> EXERCISE DIRECTIONS
Nothing but the lines from the one containing "Linda Farrow Linear" through the end of the data below should appear in the answer, each exact and free of pictures.

> RECORDS SHOWN
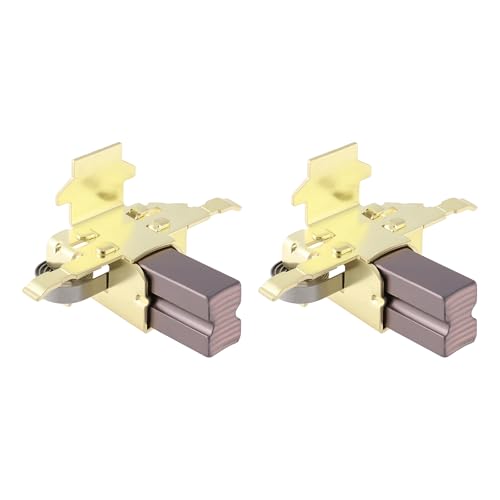 ECSiNG 1 Paire de Balais de Charbon avec Porte-balais en Laiton 610126-00 Compatible avec Dewalt DC411 DCG412 DCS380 DC390 DCS391 Type 1
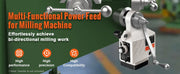 Bild in Galerie-Viewer laden, Amocart Z-Axis Power For Milling Hine 450 In-Lb Torque 0-200RPM Adjustable Rotate Speed 120V Table Feed Mill Feeder
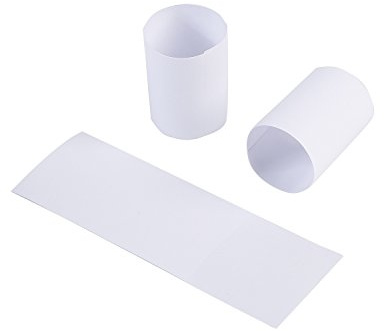 Gmark Self-Adhesive White Paper Napkin Bands (2500 Count) - 4.25 x 1.5 Inch Professional Napkin Rings - Self-Sealing Disposable Silverware Wrappers for Restaurants & Catering GM1055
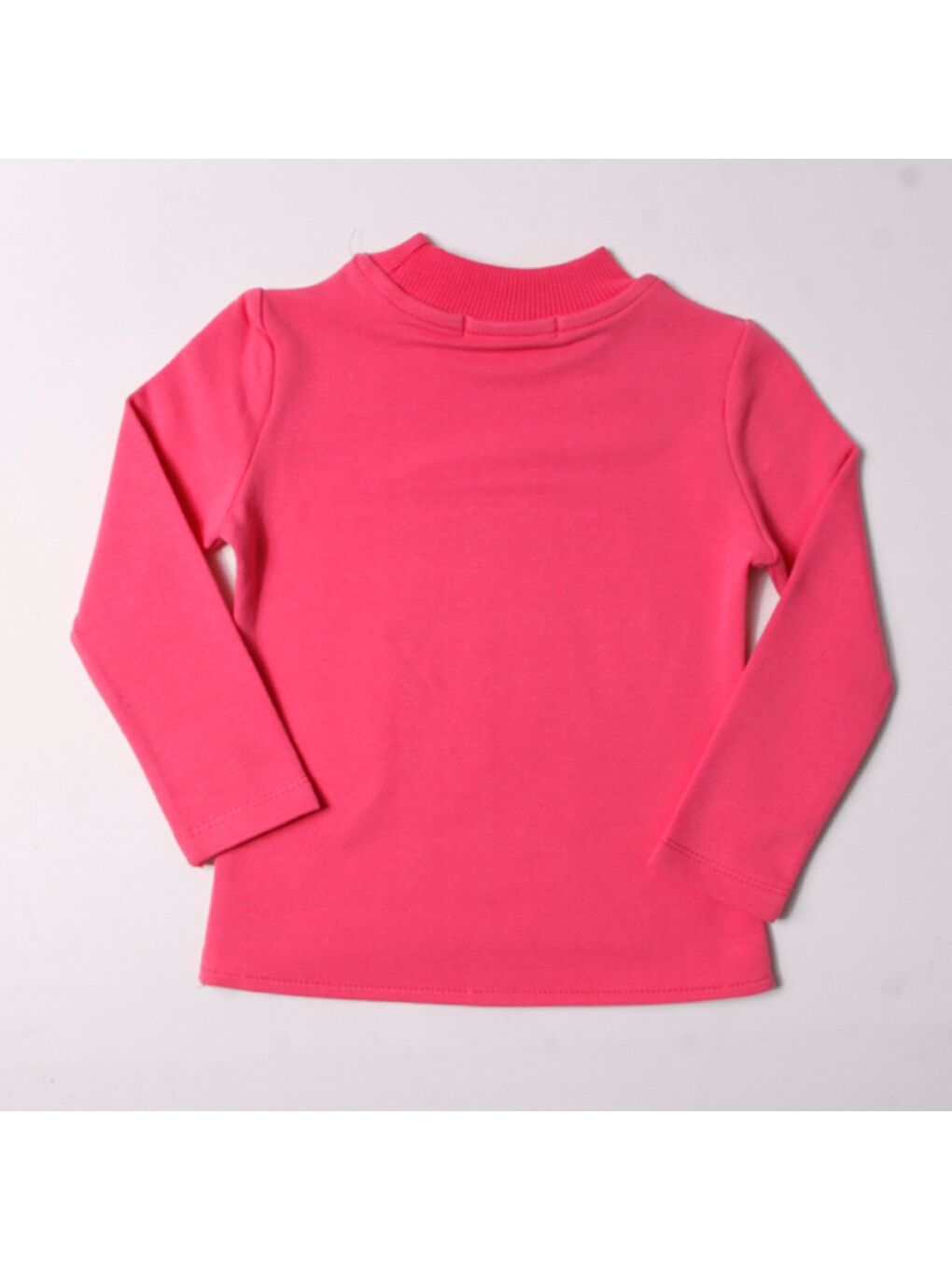 Toontoykids Fuşya Kız Çocuk Sweatshirt Eldiven Nakışlı - 1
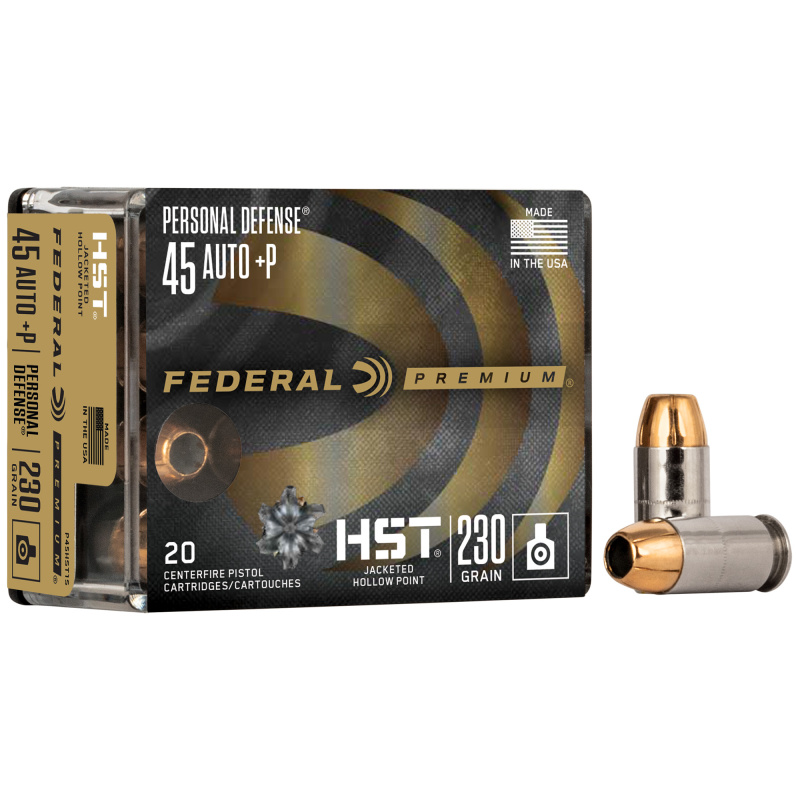 Personal Defense HST |45 Auto +P 230Gr 20 Rounds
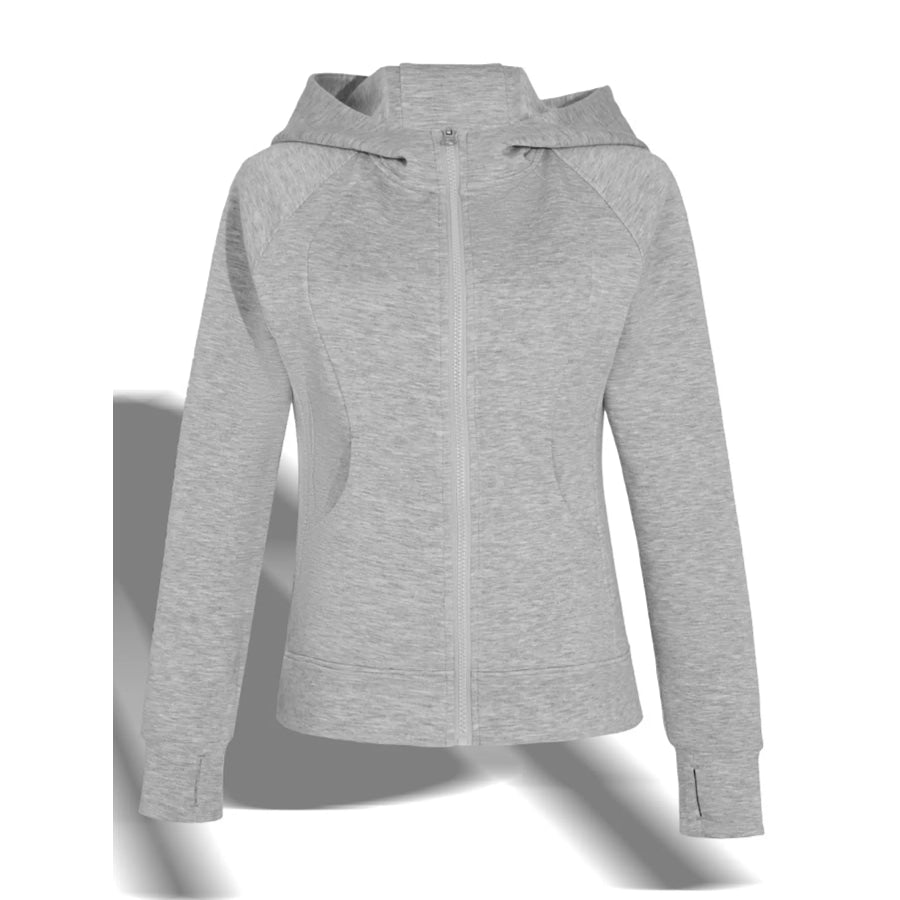 Zip Up Long Sleeve Hoodie Apparel and Accessories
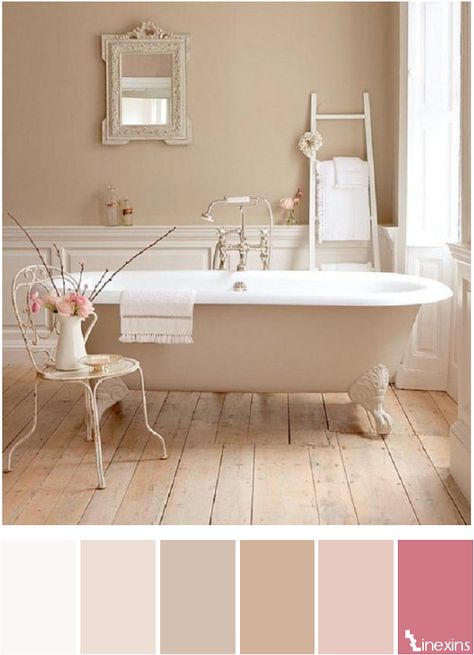 Nos encanta este blog porque nos ayuda a combinar colores y acertar siempre en la decoración. Bedroom Colors Beige, Beige Interiors, Family Room Colors, Beige Interior, Interior Paint Colors, Color Palette Design, Cozy Interior, Interior Deco, Paint Colors For Home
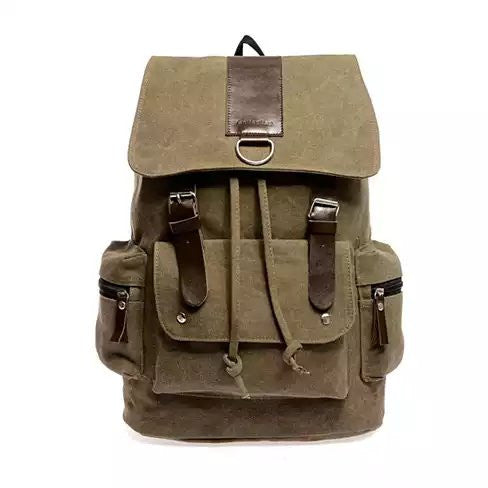 Back To Campus Canvas Backpack In 4 Colors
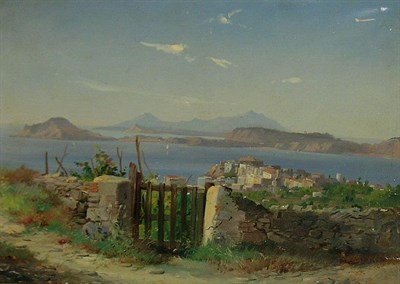 Lot 64 - Carl Hasse 1820-1876 BAY OF PUZZUOLI, ITALY...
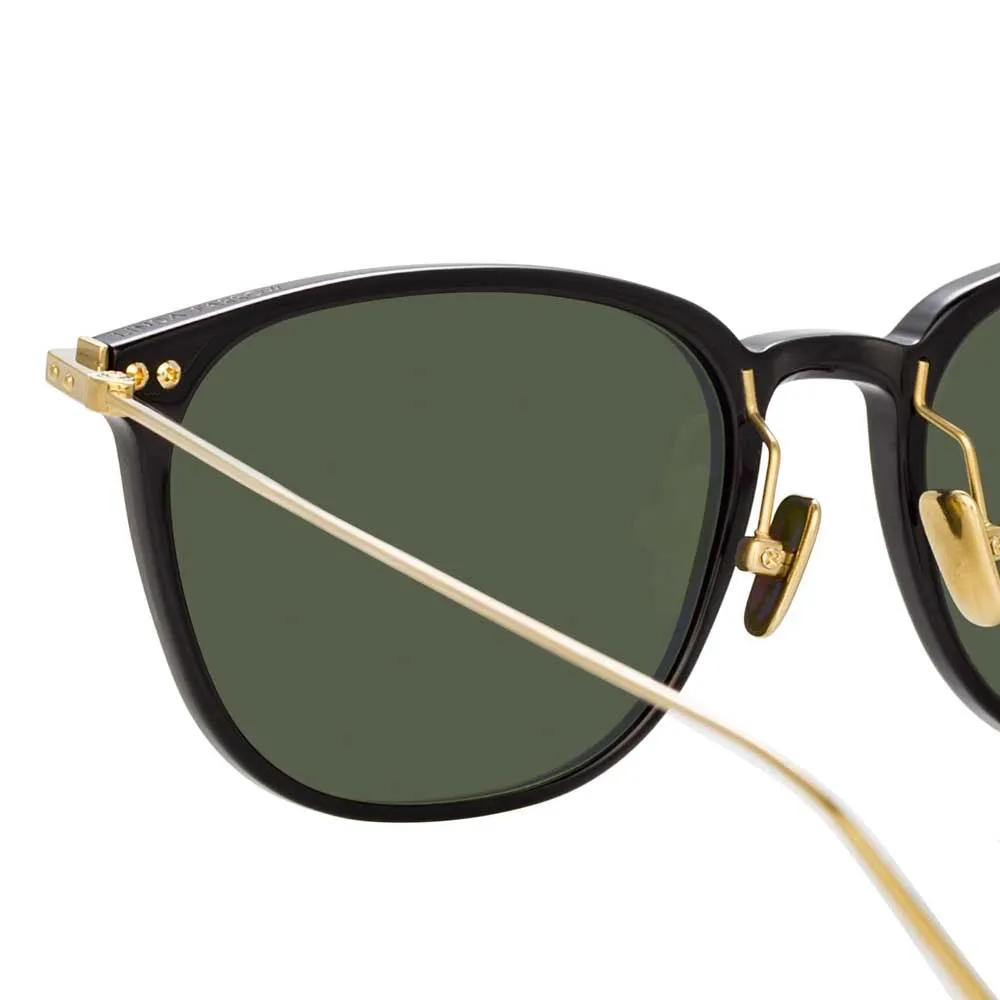 Linda Farrow Linear Wright C8 Rectangular Sunglasses sold by Linda Farrow product image thumbnail 4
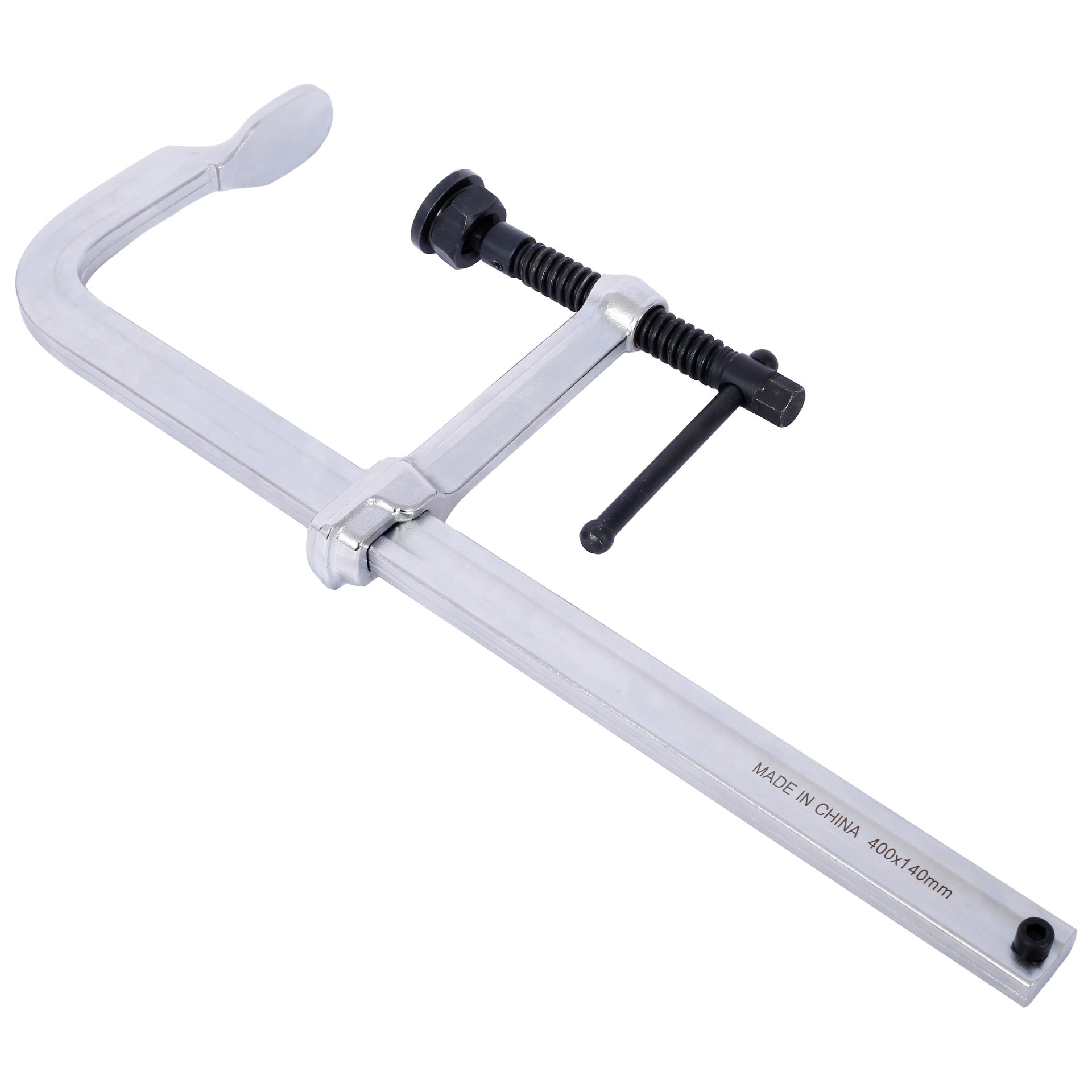 Heavy-Duty F-Clamp,Removable Swivel Pad, Deep Throat F Clamp 5-1/2", Heavy Duty Bar Clamp for Welding,16"x5 1/2"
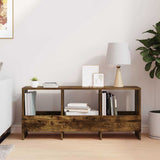 Magazine Rack Smoked Oak 102 x 30 x 45 cm 890964
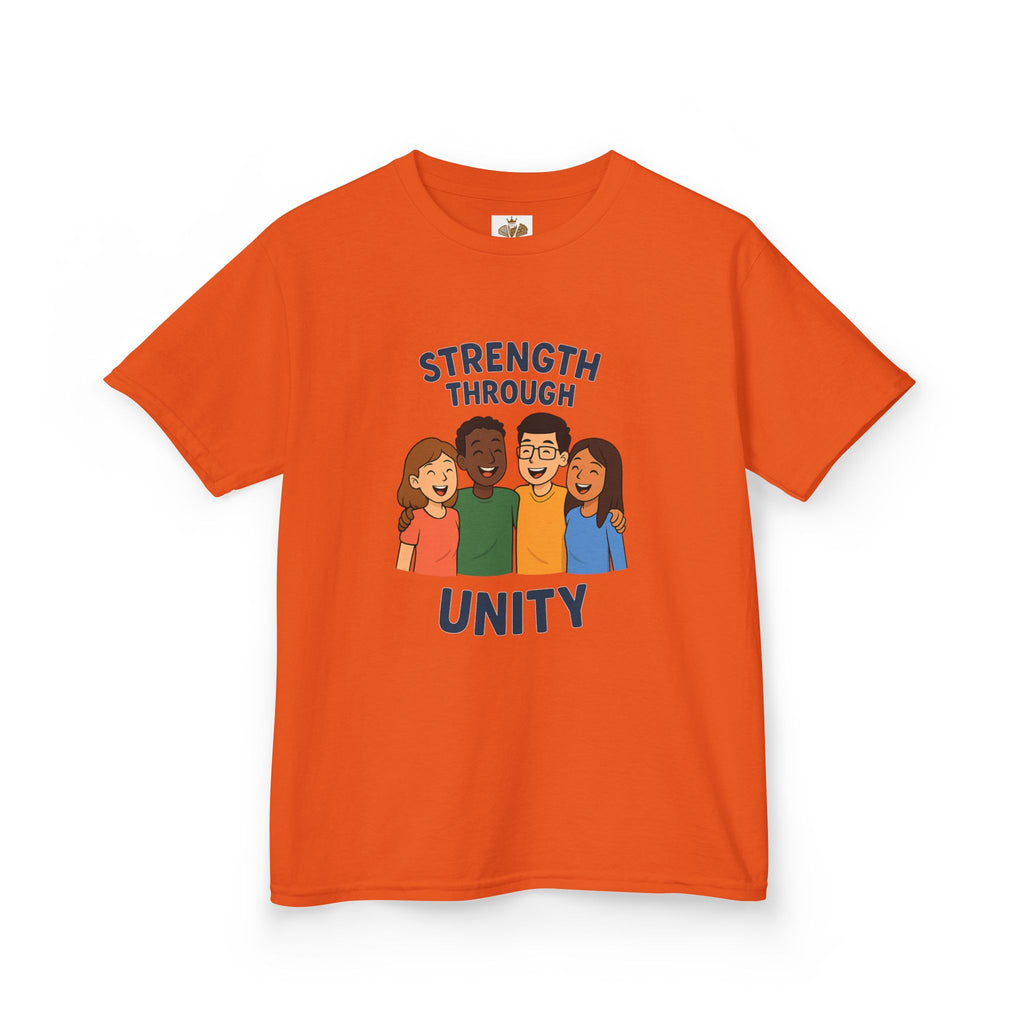 Unity & Strength Kids Tee, Inspirational Kids Shirt, Diversity Apparel, Friendship Gift, Team Spirit T-Shirt - Wayal Store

> SOLUTION TO THIS EXERCISE
 Linda Farrow Linear Wright C8 Rectangular Sunglasses sold by Linda Farrow product image thumbnail 4
 Heavy-Duty F-Clamp,Removable Swivel Pad, Deep Throat F Clamp 5-1/2", Heavy Duty Bar Clamp for Welding,16"x5 1/2"
 Magazine Rack Smoked Oak 102 x 30 x 45 cm 890964
 Unity & Strength Kids Tee, Inspirational Kids Shirt, Diversity Apparel, Friendship Gift, Team Spirit T-Shirt - Wayal Store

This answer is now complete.